YOUR OBJECTIVE: Find "Women Magenta &" in the entries below; copy that line through the last, exactly, with no pictures.
[Start of section]
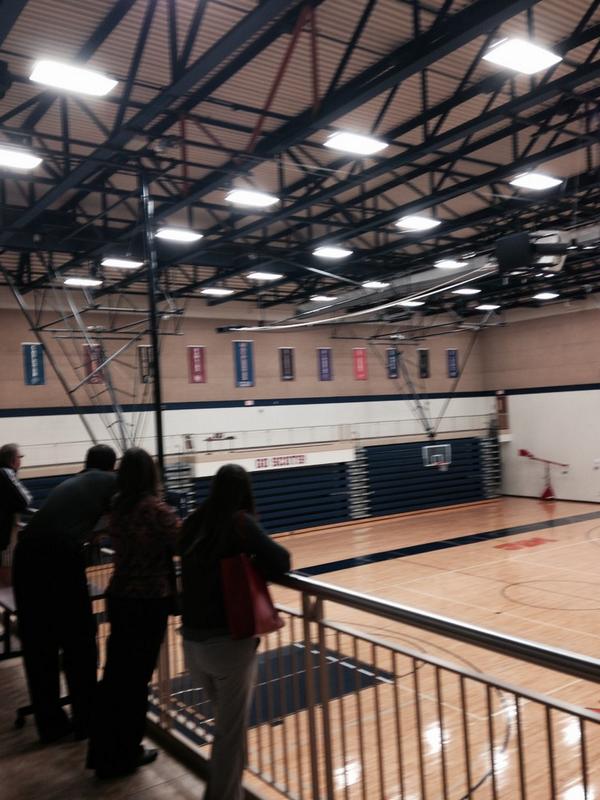 cAIn1263's tweet photo. Great site visit to the Leonard Center. Go Scots! #airecfacilities @academicimpress @Macalester http://t.co/PLnIluokoy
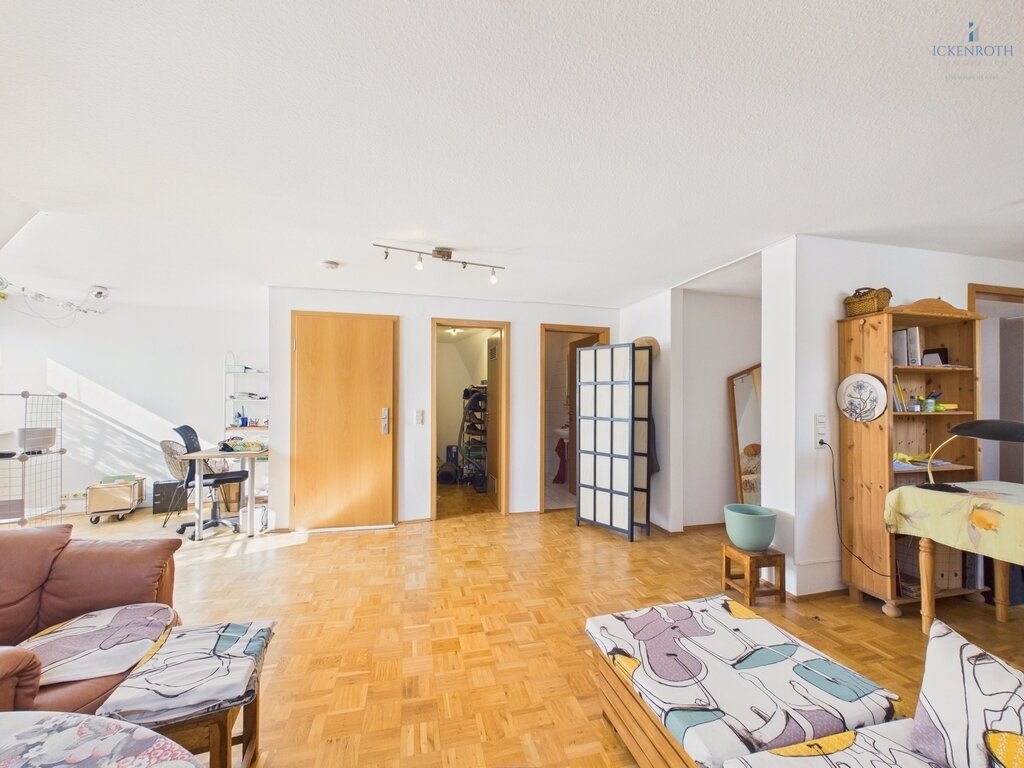 **Wohnen im historischen Gebäude!!! Individuelle 3,5-Zi.-Wohnung (ca. 98m², 2.OG) in zentraler Lage von Kirchheimbolanden**
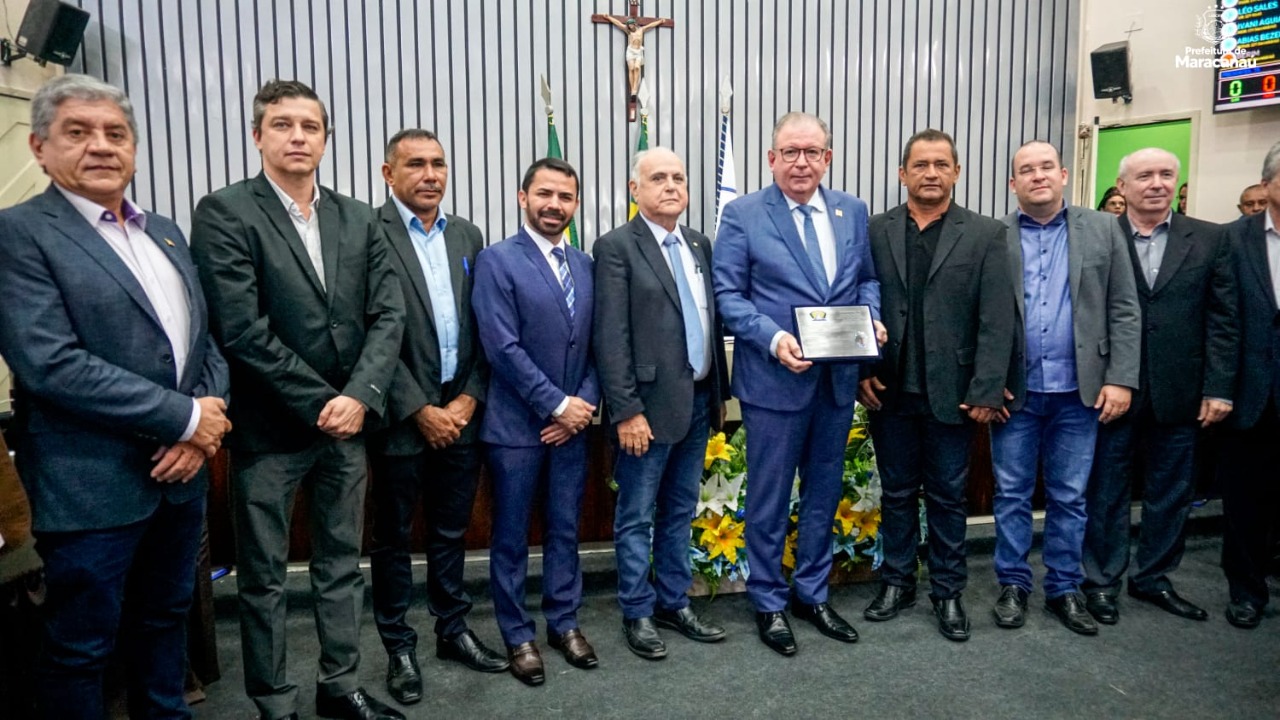 Read more about the article Prefeito prestigia entrega da Medalha Ivens Dias Branco pela Câmara Municipal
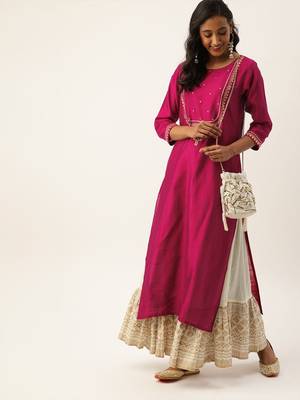 Women Magenta & Gold Toned Yoke Design Straight Kurta 1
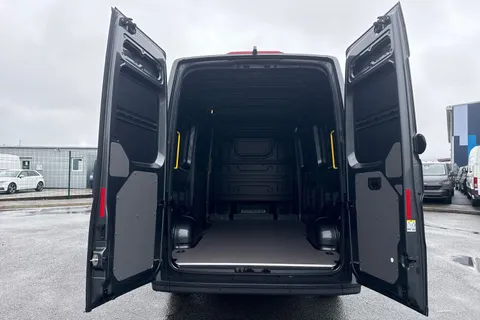 DC75AOR Volkswagen Crafter CR35 Commerce Plus MWB 140 PS Man FWD  - Digital Dash/Camera/Heated Windscr Thumbnail #6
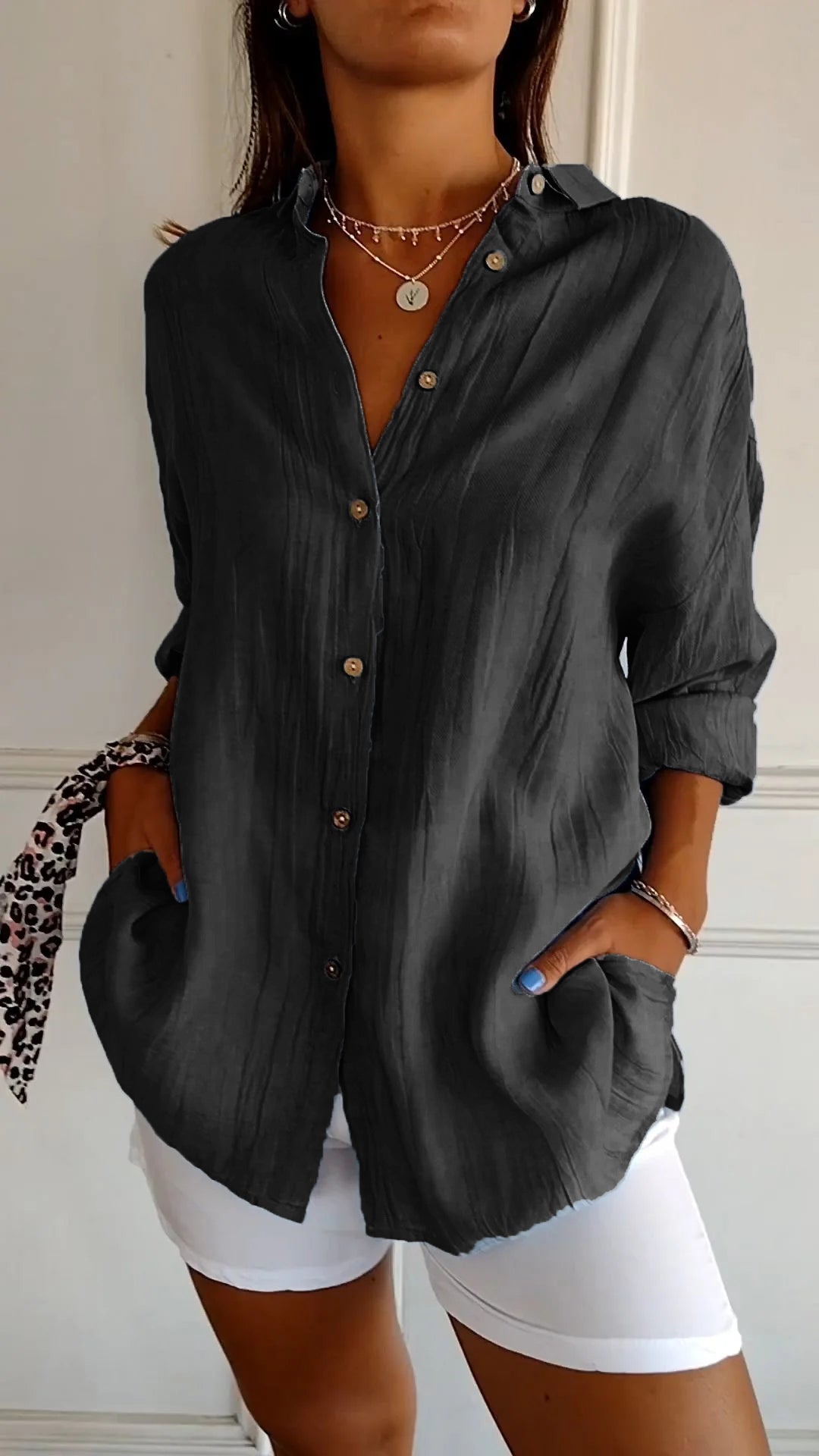 Camisa plisada con solapa y botones
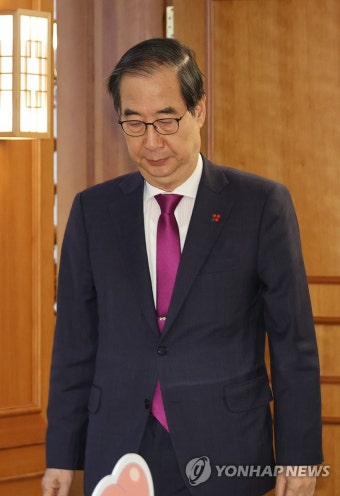 한덕수 권한대행, 크리스마스 씰 증정식 참석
[End of section]
RESULT FOR THIS TASK:
 Women Magenta & Gold Toned Yoke Design Straight Kurta 1
 DC75AOR Volkswagen Crafter CR35 Commerce Plus MWB 140 PS Man FWD  - Digital Dash/Camera/Heated Windscr Thumbnail #6
 Camisa plisada con solapa y botones
 한덕수 권한대행, 크리스마스 씰 증정식 참석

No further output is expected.